Bell Wants a CRTC News Fund, Paid for By Foreign Streaming Services

Bell has proposed to the Canadian Radio-television and Telecommunications Commission (CRTC) the establishment of a news fund to help make up for losses facing broadcasters. This fund is intended to assist broadcasters and allow contributions from foreign streaming services towards Canadian content expenditure.

During a CRTC panel discussion on Tuesday, Bell representatives advocated for the exemption of Canadian streaming platforms, like its own Crave, from this fund until traditional broadcasters receive regulatory relief. The hearing is a part of the CRTC’s public consultations, which began on Monday and will continue for three weeks, responding to Bill C-11, the Online Streaming Act.

Bill C-11, which received royal assent in April, aims to modernize the Broadcasting Act. It requires digital platforms such as Netflix, YouTube, and TikTok to contribute to and promote Canadian content.

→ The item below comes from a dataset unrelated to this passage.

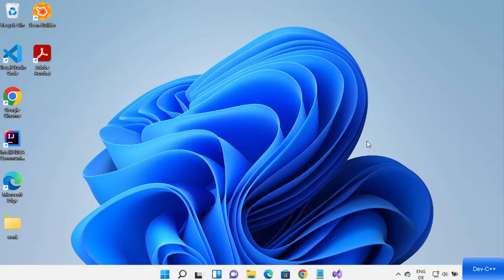Hey guys, in this video I'm going to show you how you can download, install, and use Dev C++ for creating C and C++ applications on your Windows 11 operating system. So let's get started and see how we can do it.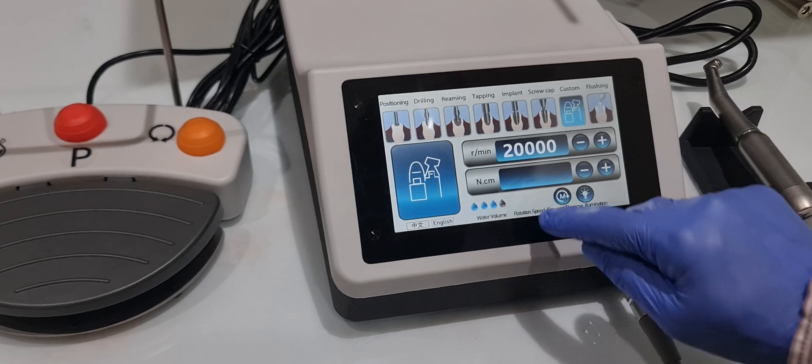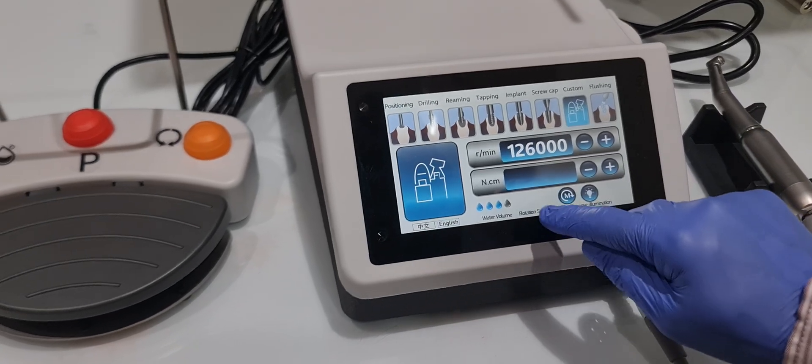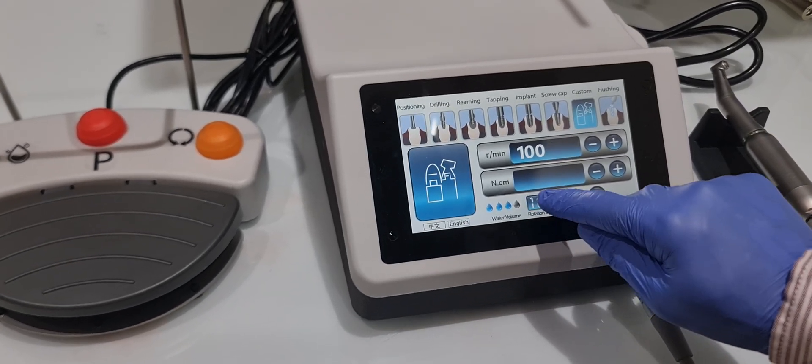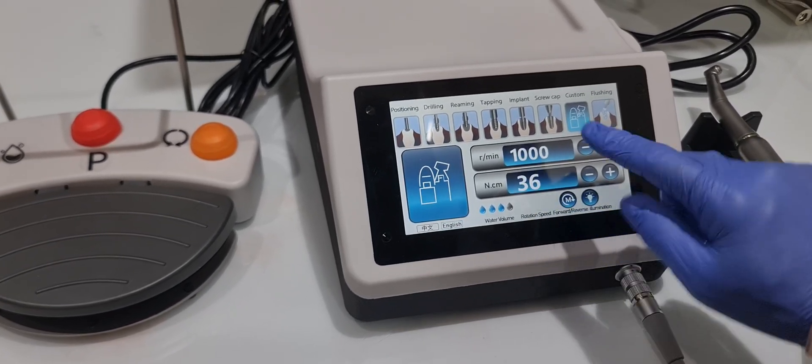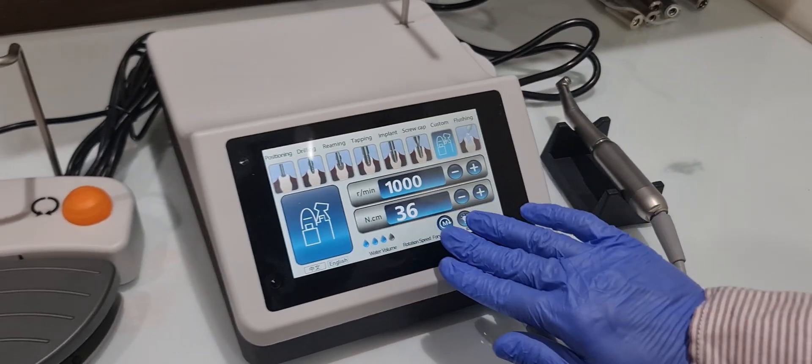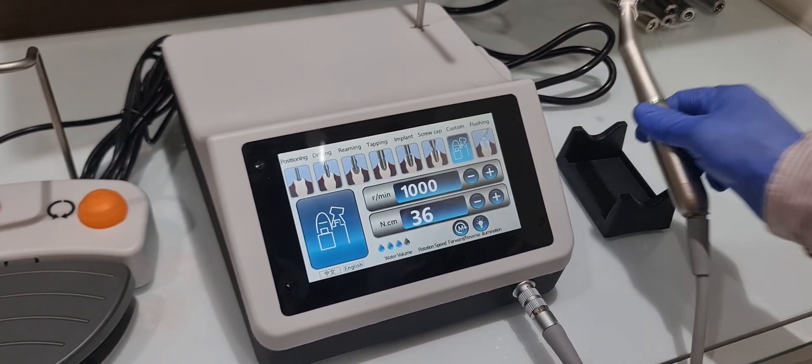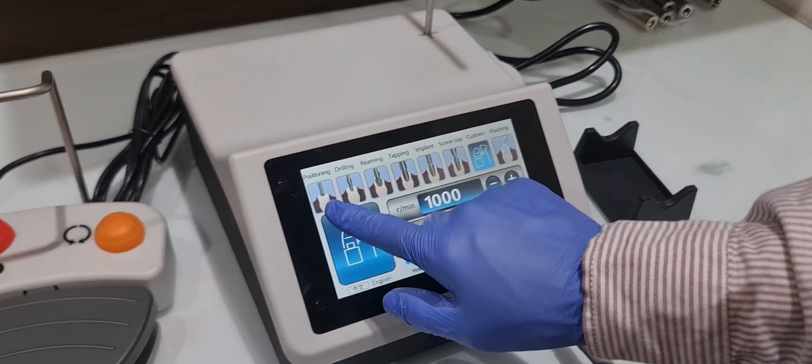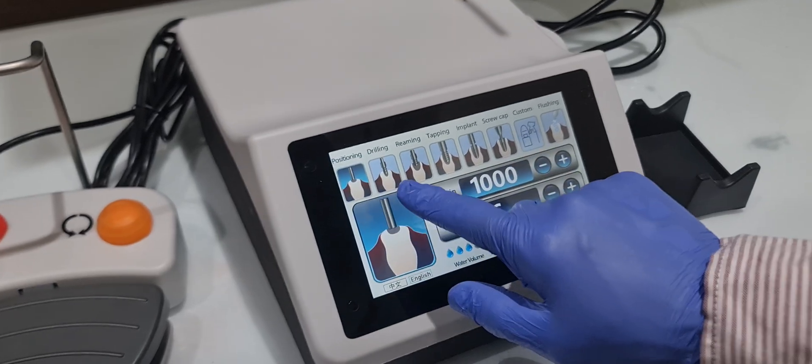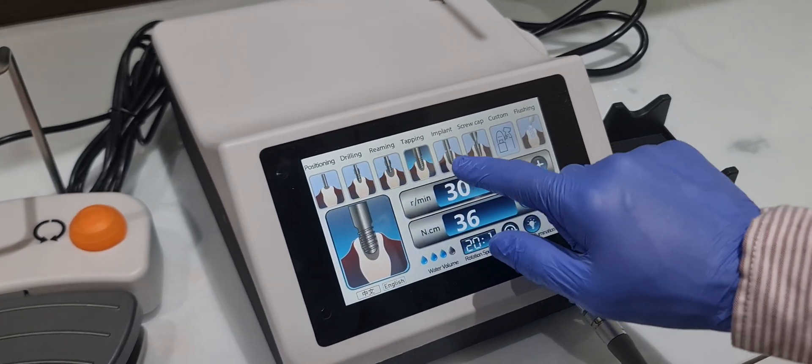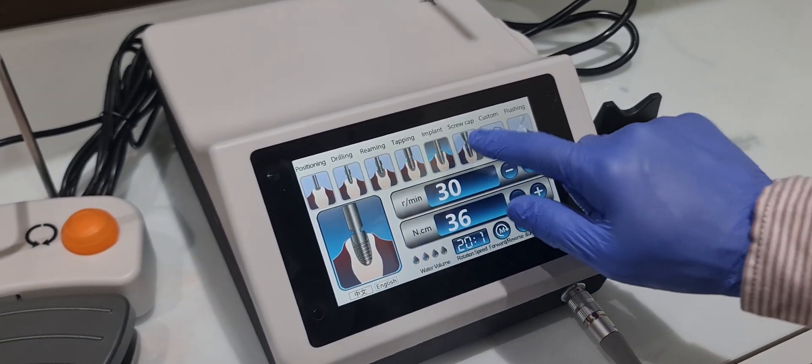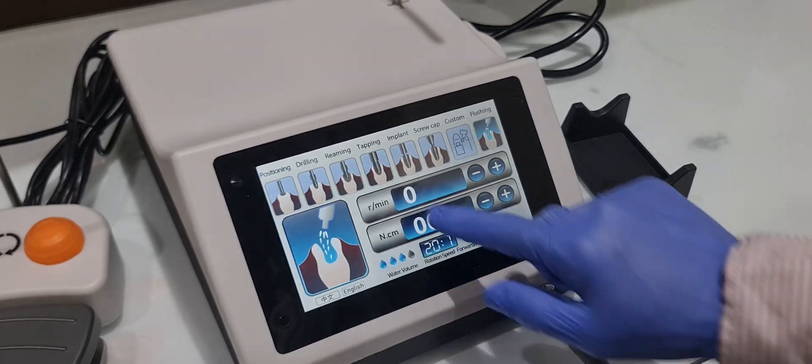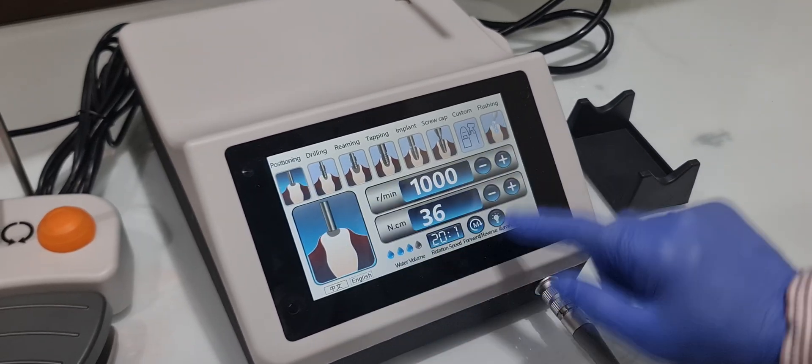If you want to use 20:1, this is for implant procedures. Here you can see positioning, drilling, rimming, tapping, implant, screw cap, and flushing.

Bell’s presentation addressed what they termed a “crisis” for Canadian broadcasters. Jonathan Daniels, Bell Canada’s vice-president of regulatory law, criticized the CRTC’s current approach, saying “your priorities are backwards,” reports The Canadian Press.

“Traditional broadcasters, the linchpin of the Canadian broadcasting system, need relief and we need it now,” Daniels remarked. He highlighted the challenges faced by local broadcasters, including customer loss to streaming services and increased content acquisition costs.

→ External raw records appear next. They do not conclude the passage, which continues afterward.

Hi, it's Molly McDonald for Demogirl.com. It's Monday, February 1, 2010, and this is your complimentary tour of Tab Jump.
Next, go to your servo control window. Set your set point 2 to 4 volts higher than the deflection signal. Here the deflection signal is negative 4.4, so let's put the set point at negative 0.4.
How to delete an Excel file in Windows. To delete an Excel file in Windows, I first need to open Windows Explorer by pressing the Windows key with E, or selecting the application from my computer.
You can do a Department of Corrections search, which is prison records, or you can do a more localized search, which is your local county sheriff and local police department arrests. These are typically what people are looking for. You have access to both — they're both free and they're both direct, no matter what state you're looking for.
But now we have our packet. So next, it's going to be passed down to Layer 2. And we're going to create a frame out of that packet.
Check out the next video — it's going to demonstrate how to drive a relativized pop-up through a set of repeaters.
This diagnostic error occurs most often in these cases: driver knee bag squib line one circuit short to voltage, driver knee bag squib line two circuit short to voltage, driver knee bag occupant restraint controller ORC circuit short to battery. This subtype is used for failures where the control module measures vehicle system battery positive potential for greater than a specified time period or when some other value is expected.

Daniels emphasized that Bell’s proposal to compel digital streamers to fund subsidies would increase the broadcasting system’s funding for Canadian news and television productions while reducing traditional broadcasters’ obligations.

In June, Bell made two submissions to the CRTC, including a plea to reduce its Canadian content spending obligation on some television stations and to eliminate spending requirements on local news and the mandated broadcasting hours for locally reflective news.

These submissions coincided with Bell announcing a significant workforce reduction, the closure or sale of nine radio stations, and the shutting down of two foreign bureaus.

Bell Media has also sought to challenge a CRTC decision that renewed its broadcast licenses for three years without a public hearing, fearing that this might lead to a prejudgment of the issues raised in its June applications.

The CRTC’s prior engagement with the Online Streaming Act implementation set a threshold to determine which streaming services in Canada, with annual revenues exceeding $10 million, will be subject to new regulations. A decision in September mandated these streaming services to report their activities to the CRTC.